My English teacher, during my senior year in high school, once made a remark that the sign of a great person is that he or she can reflect on his or her own personal problems but then, from that standpoint, can generalize, universalize them to the human condition as a whole. She was talking about great poets, but it’s also the nature of any wise mind not to wallow in its own personal issues, but to generalize from them, to see how this is the way it is for human beings everywhere.

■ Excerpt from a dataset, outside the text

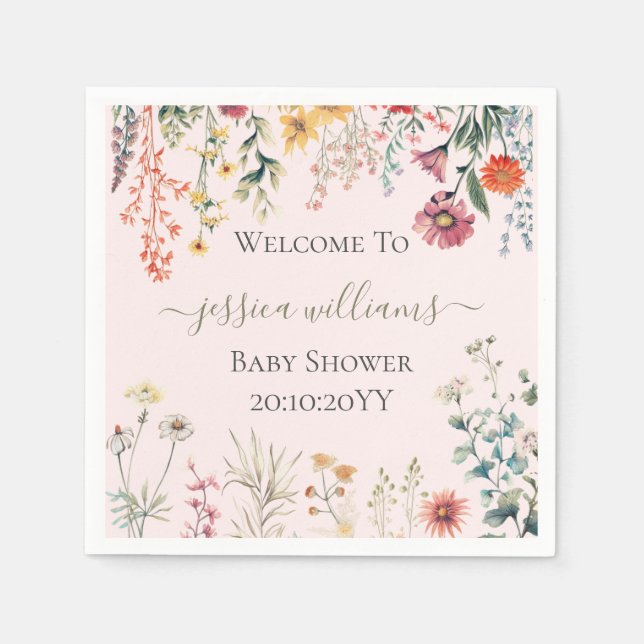 Servilleta De Papel Bebé en el florecimiento silvestre Baby Shower (Anverso)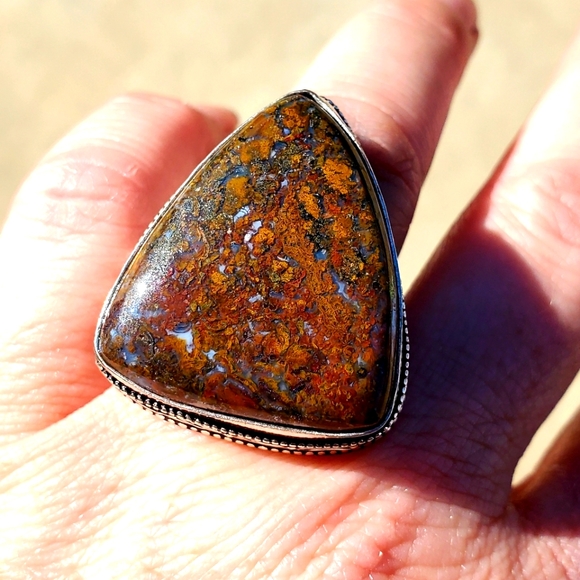 New Moroccan Seam Agate 925 Silver Ring. - Picture 1 of 16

This was what the Buddha did on the night of his Awakening. He remembered his past lives over many eons — if you think you’re carrying around a lot of narratives, imagine what he saw — but then he broadened his gaze to encompass the cosmos as a whole. He wasn’t the only one suffering rebirth after rebirth. Everybody has been doing this. But only after seeing this as a universal story was he able to see the underlying pattern: People are reborn in line with the quality of their intentional actions based on right or wrong views. That universal insight was what enabled him to turn and look at the present moment, and to look at the right place in the present moment: his own views, his own intentions. Only after looking at the universal picture was he able to depersonalize the issue of suffering and its causes. When he had depersonalized it, he could look at it simply as a process. When he viewed it as a process, he was able to find the way out.

You’re not the first person to suffer and you’re not going to be the last. If you don’t set your sights in the direction of renunciate grief and joy and equanimity, you’ll never find a way out. But if you learn to broaden your gaze to encompass the whole human condition, that’s the beginning of the road to freedom.

So broaden your gaze. Don’t just look inside. Look around yourself as well, for there are lessons to be learned there, too.